=== TASK BRIEF ===
Below are records with pictures in them. Transcribe everything from the line containing "விமர்சனங்களுக்கு பதிலடி கொடுத்த" down to the line containing "Used 2020 Rolls-Royce Dawn RWD image 15", exactly, and leave the pictures behind.

=== RECORDS FOR THIS TASK ===
◇ ◇ ◇

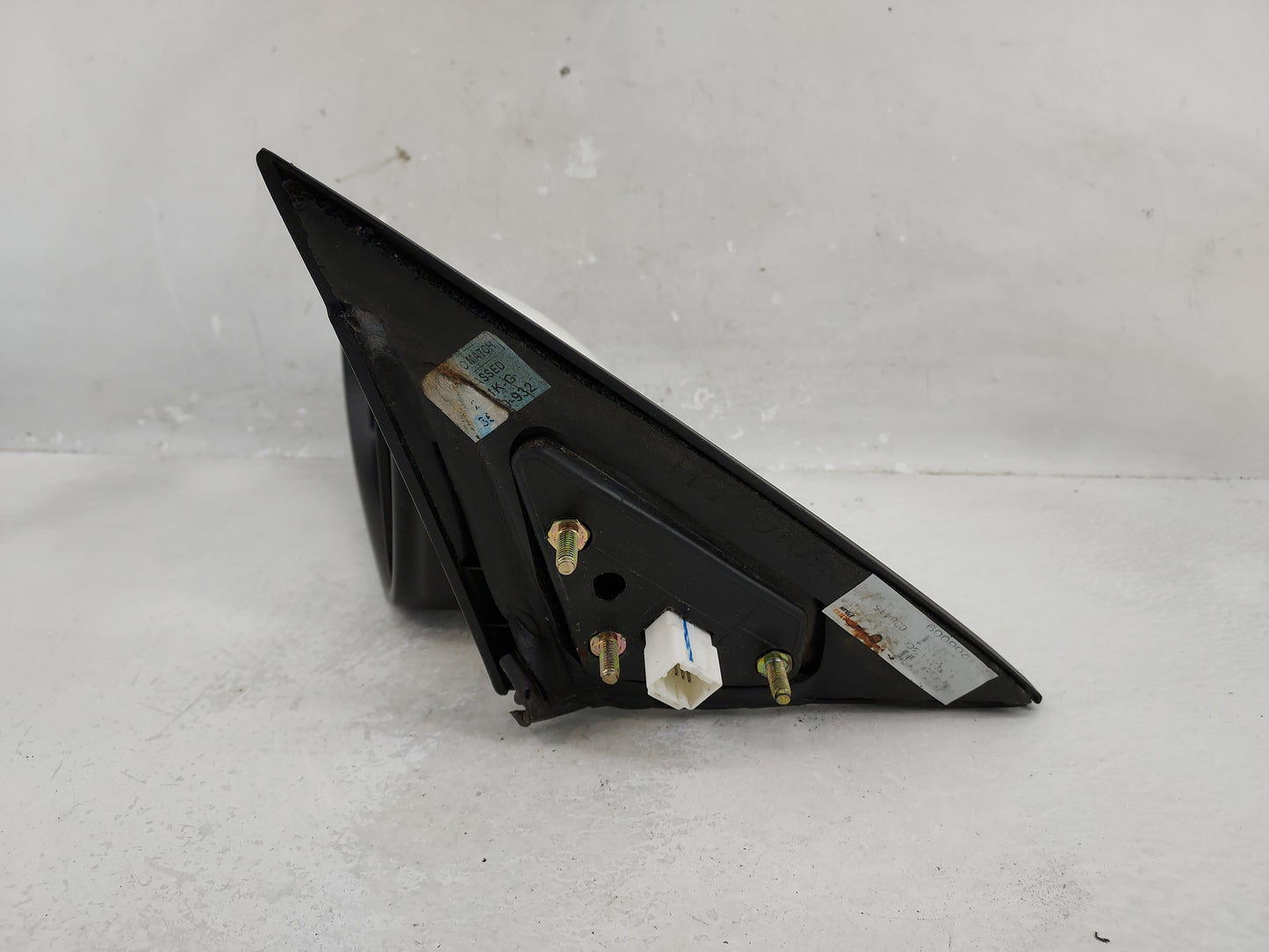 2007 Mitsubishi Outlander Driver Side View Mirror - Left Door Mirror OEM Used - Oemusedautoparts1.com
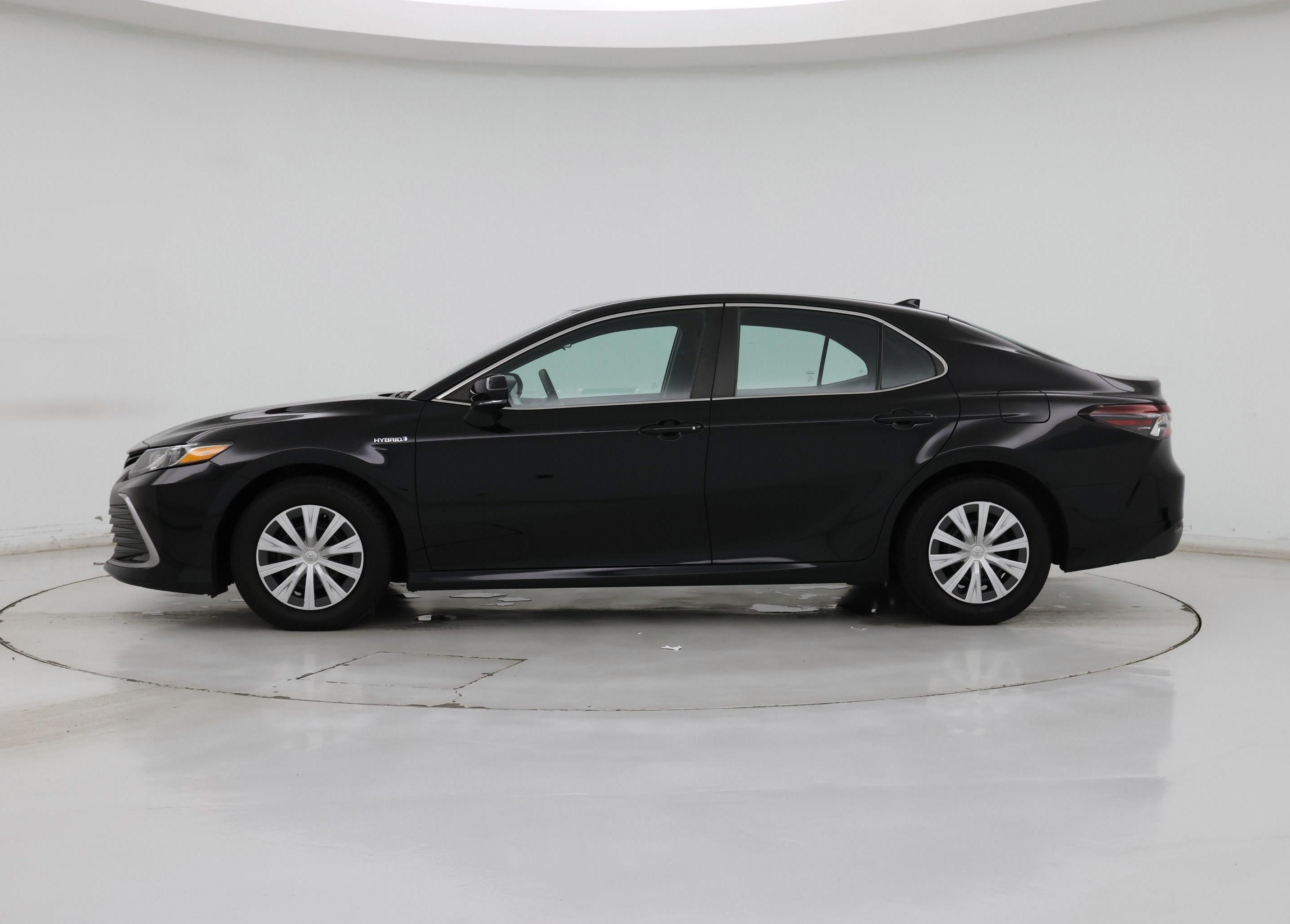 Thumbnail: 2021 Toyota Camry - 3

◇ ◇ ◇

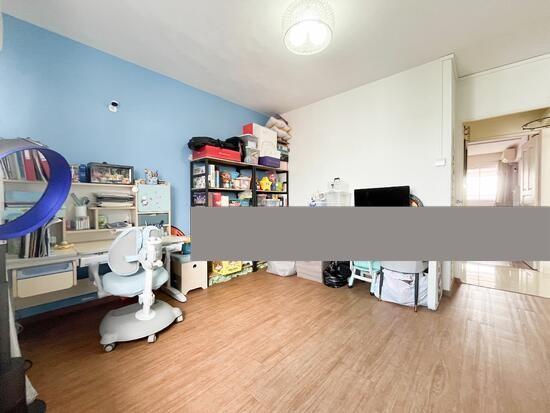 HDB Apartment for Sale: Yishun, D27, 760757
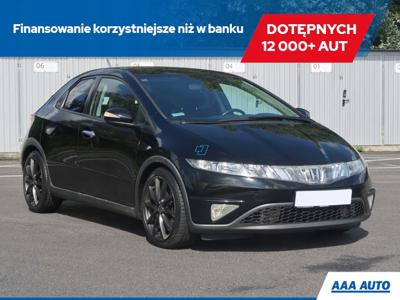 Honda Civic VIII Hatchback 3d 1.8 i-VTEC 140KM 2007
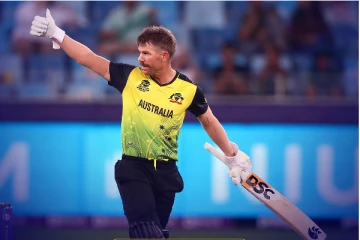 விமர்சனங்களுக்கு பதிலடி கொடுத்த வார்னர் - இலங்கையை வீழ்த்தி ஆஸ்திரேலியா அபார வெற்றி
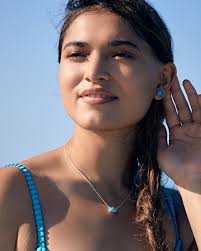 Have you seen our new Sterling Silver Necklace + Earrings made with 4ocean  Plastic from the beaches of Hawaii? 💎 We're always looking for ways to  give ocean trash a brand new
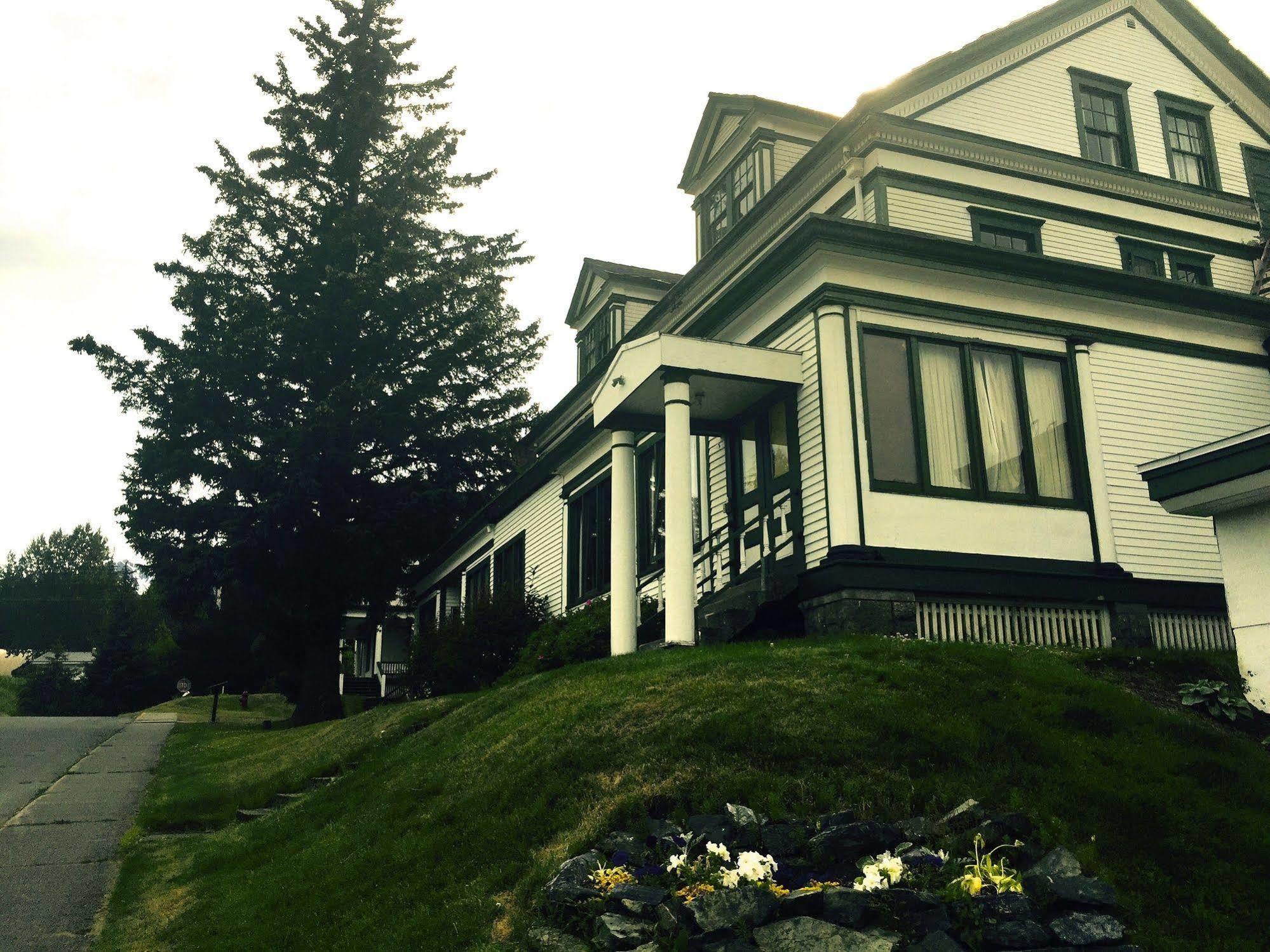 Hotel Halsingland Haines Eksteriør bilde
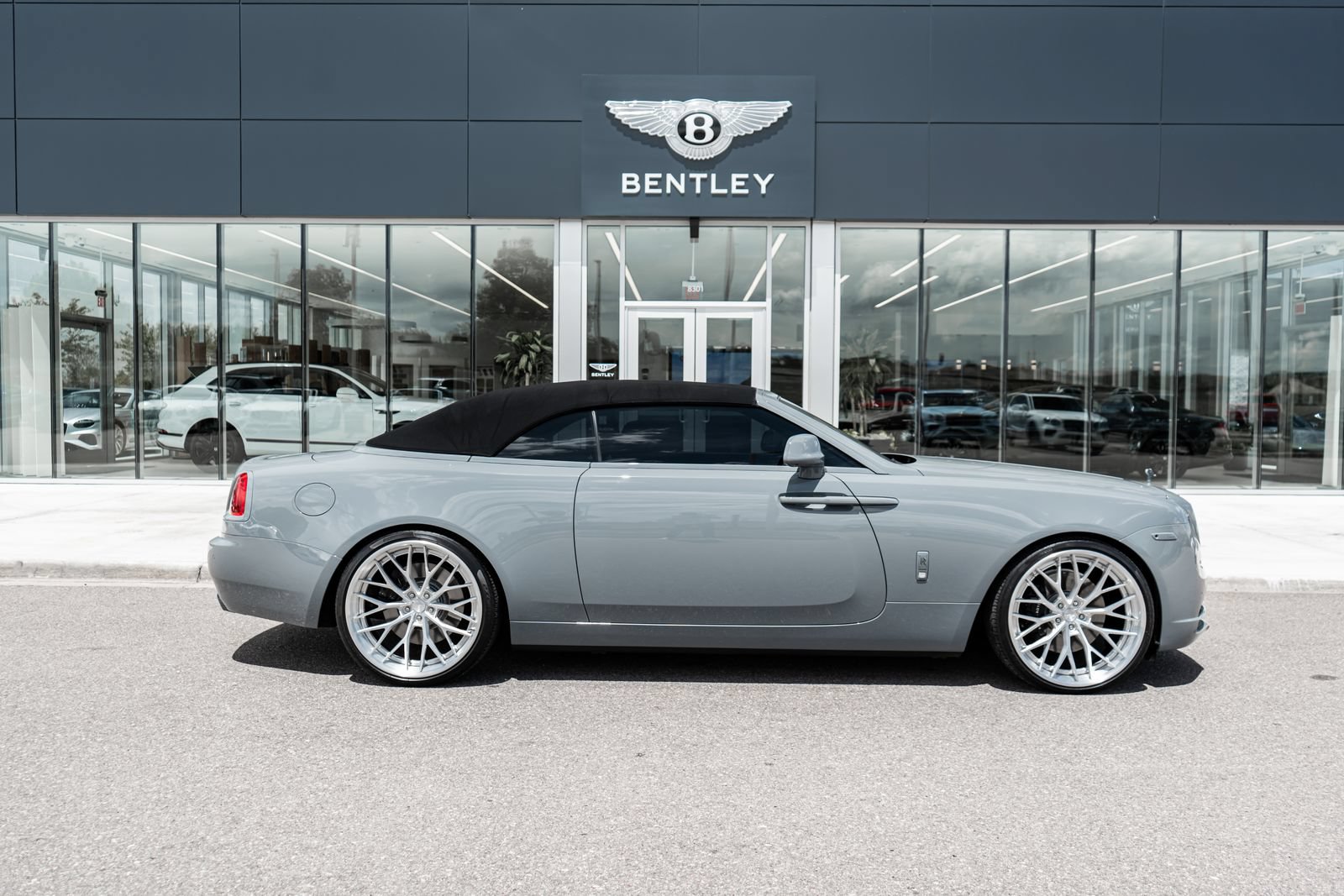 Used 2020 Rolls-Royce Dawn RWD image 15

◇ ◇ ◇

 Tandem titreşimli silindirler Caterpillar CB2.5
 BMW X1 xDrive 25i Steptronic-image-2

◇ ◇ ◇

=== COMPLETED EXERCISE ===
 விமர்சனங்களுக்கு பதிலடி கொடுத்த வார்னர் - இலங்கையை வீழ்த்தி ஆஸ்திரேலியா அபார வெற்றி
 Have you seen our new Sterling Silver Necklace + Earrings made with 4ocean  Plastic from the beaches of Hawaii? 💎 We're always looking for ways to  give ocean trash a brand new
 Hotel Halsingland Haines Eksteriør bilde
 Used 2020 Rolls-Royce Dawn RWD image 15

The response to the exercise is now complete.